Parallelizing calls to msDrawLayer()

Sun Oct 14 11:45:45 EDT 2007

Steve,

Stephen Woodbridge wrote:
> David,
> 
> I think the point that you are perhaps missing is that in a production 
> environment, mapserver is already multithreaded in macro sense. I 
> typically have 5-10 mapserver instances running at any given moment. 
> These are all fetching data, rendering images and spool them back to the 
> clients. Any process that is blocked by disk IO is allowing some other 
> process to be rendering, spooling or whatever. Since IO is the bottle 
> neck and in fact disk IO there is little you can do to mapserver to 
> improve that.

I usually call that multiprocess, since there are multiple mapserv 
processes running.  But yes, if every core in your system is always 
saturated with CPU work, and if each of your disks always has a pending 
request, then multithreading will not help you.

> Your example is good if you only have one process running like in a 
> desktop application, but I'm not sure you get the same benefits when you 
> are running a multithreaded webserver and mapserver.
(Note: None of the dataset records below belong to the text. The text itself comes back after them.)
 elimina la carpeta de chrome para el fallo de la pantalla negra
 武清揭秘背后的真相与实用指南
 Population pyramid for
And as other have 
> suggested, you are likely to create some thrashing if you generate even 
> more disk IO requests that the OS has to service.
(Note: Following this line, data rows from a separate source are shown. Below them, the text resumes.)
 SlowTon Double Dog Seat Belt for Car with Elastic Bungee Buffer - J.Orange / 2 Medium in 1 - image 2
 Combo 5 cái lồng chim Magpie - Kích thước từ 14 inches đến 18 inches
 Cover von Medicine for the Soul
Not more IO requests.  The same number of IO requests, but we ask the OS 
for them sooner.  See my latest email to Ed for some comments on thrashing.
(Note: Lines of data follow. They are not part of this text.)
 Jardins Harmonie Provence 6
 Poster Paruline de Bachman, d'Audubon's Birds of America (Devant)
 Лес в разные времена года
> If your goal it to improve performance, then I am reminded if Ed's good 
> advice to me in the past about premature optimizations. If you optimize 
> before you identify the bottle neck, you might be making great 
> improvements on a bottle neck that only represents 1% of the performance 
> problem. So if you can make 100% improvement in that area, you have only 
> removed 1% of the total problem. It would be better to make a 10% 
> improvement on something that represented 50% of the problem. Or said in 
> other words: test and measure before you optimize.

Yes, premature optimization, and Amdahl's law.  I hear you.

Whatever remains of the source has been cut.